§ DATA UNDER STUDY
#####

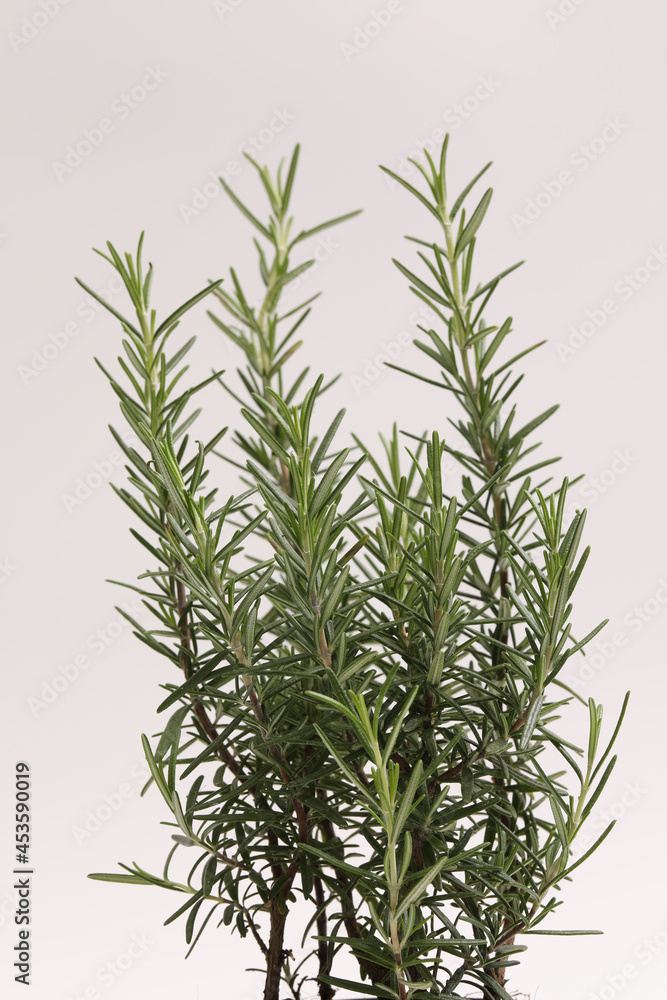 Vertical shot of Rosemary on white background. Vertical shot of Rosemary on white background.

#####

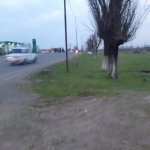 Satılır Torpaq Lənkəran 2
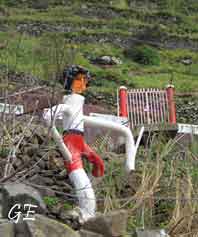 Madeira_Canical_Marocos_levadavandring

#####

§ TASK PROMPT
From the records above, copy exactly the lines starting at the one with "Satılır Torpaq Lənkəran 2" and ending at the one with "Madeira_Canical_Marocos_levadavandring", and no others. Pictures stay out.

§ OUTPUT FOR THIS TASK
 Satılır Torpaq Lənkəran 2
 Madeira_Canical_Marocos_levadavandring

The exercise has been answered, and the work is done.